Beaucoup de chrétiens aujourd'hui essaient de se bâtir une spiritualité au quotidien qui corresponde à leur vécu. Nous sommes moins tournés vers la religion et plus sur la spiritualité. Pour moi, c'est une bonne nouvelle. Je pense aux funérailles où les gens cherchent une célébration qui les rassemble et les fait prier. Ils sont davantage tournés vers le sens du geste que vers le rite. Ça me met le coeur à la tendresse.

Je regarde les parcours catéchétiques dans les paroisses, ils sont des moments privilégiés pour aider les chrétiens  à  se bâtir en famille une spiritualité qui les nourrissent.
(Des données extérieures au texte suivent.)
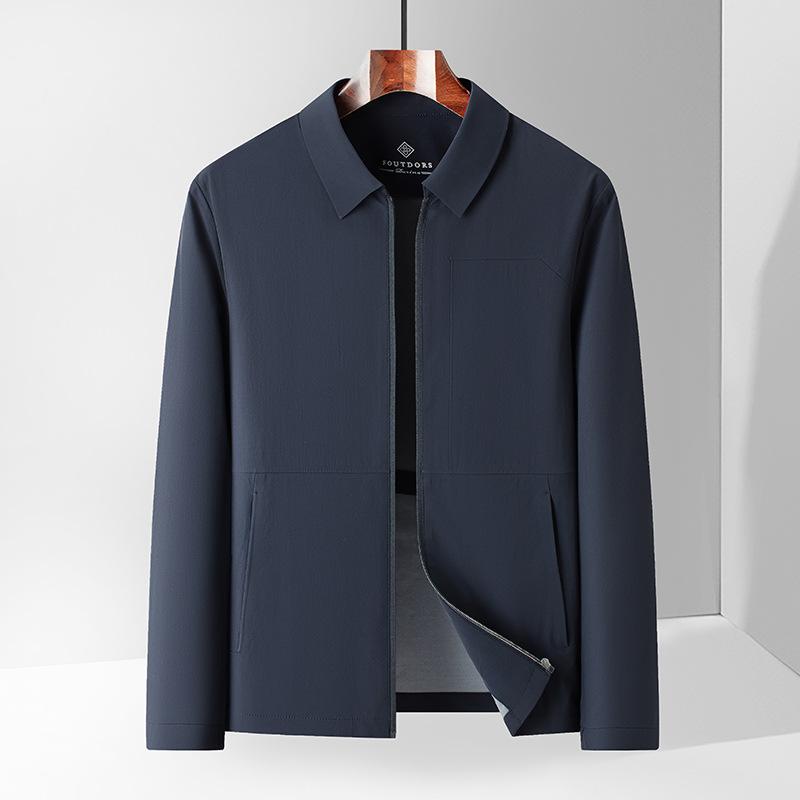 Casual Jacket Thin Men's Jacket Business Daddy Suit Luxury Fashion High-end Light Spring and Autumn Top Lapel Solid Color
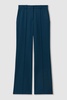 Petite Wide Leg Wool Blend Suit Trousers in Teal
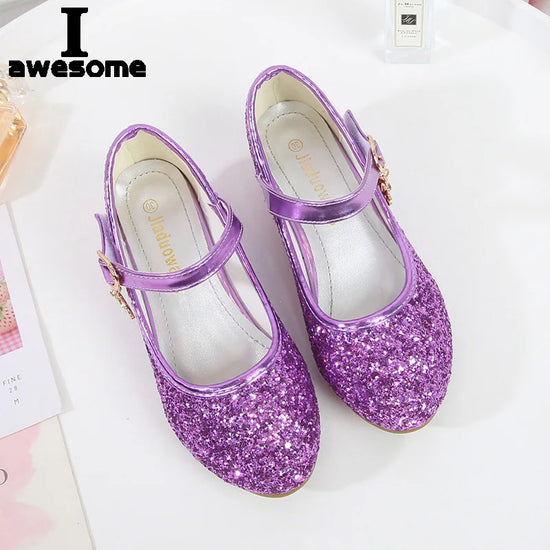 Girls Purple High Heels For Kids Princess RED Leather Shoe Footwear Ch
Ensemble pendant quelques mois, ils vivent des temps de fraternité où une communauté se bâtit autour de Jésus Christ. Ensemble ils découvrent ce qu'est l'Église et ne sont pas toujours prêts venir à la grande communauté paroissiale, mais ils vivent ensemble la communauté et devraient apprendre à célébrer ensemble pour un renouveau de l'Église. Ça me met le coeur à la tendresse.

Il s'agit là d'une vision d'Église à développer et d'une mentalité à vivre. Les chrétiens reprennent le cri de Jésus: J'ai soif. Oui, j'ai soif  d'amour, de bonté, d'accueil, j'ai soif de voir le visage de la miséricorde dans le miroir de mon Église. Ça me met le coeur à la tendresse.